Praias de cacos de vidro

“Areia” feita de pedras coloridas, fruto da degradação de objetos do material, alerta para o consumo desenfreado e descuido com a natureza

Crédito:  Philippe TURPIN/Photononstop/AFP

Brilho eterno: na Glass Beach, na Califórnia, garrafas e itens de 1960 viraram pequenas rochas pela ação das ondas (Crédito: Philippe TURPIN/Photononstop/AFP )

Que a areia é uma das matérias-primas do vidro já se sabe, mas o contrário será possível? Um fenômeno em praias do mundo fez com que toneladas do material se transformassem em pedras coloridas. “O vidro tem esta particularidade. Ele não se decompõe, mas pode ser agregado”, diz Valdir Schalch, docente sênior do Departamento de Hidráulica e Saneamento da Escola de Engenharia de São Carlos da USP.

Procuradas por turistas pela beleza e singularidade, suas formações alertam o oposto: “É o retrato perverso do excesso de consumo e do descuido com a natureza“, diz Emília Wanda Rutkowski, professora associada da FECFAU/Unicamp, coordenadora associada do laboratório Fluxus e membro do ORIS – Observatório da Reciclagem Inclusiva e Solidária. Mineira do Quadrilátero Ferrífero, ela compara a relação humana com essas paisagens à admiração às montanhas de minério que soterravam a região.

Se o ir e vir das ondas deu conta de lapidar os materiais sintetizados pelo homem, nem sempre o meio ambiente pode absorvê-los. O vidro leva cerca de 4 mil anos para se decompor e arqueólogos já encontraram utensílios de 2000 a.C.

“O que significa esse vidro que vai sendo picotado e cai na água quando é absorvido por filtradores, como baleias? Todos são redondos ou alguns têm farpas? Há consequências?”, fala Emília, recordando a catástrofe de animais recheados ou estrangulados por plástico.

Os vidros descartados há mais de meio século em Glass Beach, nos Estados Unidos, e em Ussuri Bay, na Rússia, atentam para a importância da gestão dos resíduos e da conscientização.

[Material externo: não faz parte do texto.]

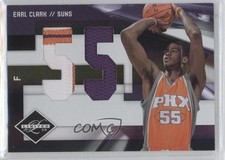 2009 Panini Limited Freshman Jumbo Jersey Numbers Prime 5/10 Earl Clark #13 p7i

“Resíduo é tão complexo que você deveria cuidar dele todo dia. Se você não faz naquela geração, as pessoas não ficam habituadas”, fala Schalch, lembrando os números negativos da produção. A quantidade de água para a fabricação é absurda: 0,6 litro para cada quilo, sendo que os Estados Unidos é o segundo produtor do mundo. “Não é para fazer delas áreas de turismo, mas de educação ambiental, para evitar que isso aconteça”, comenta Emília.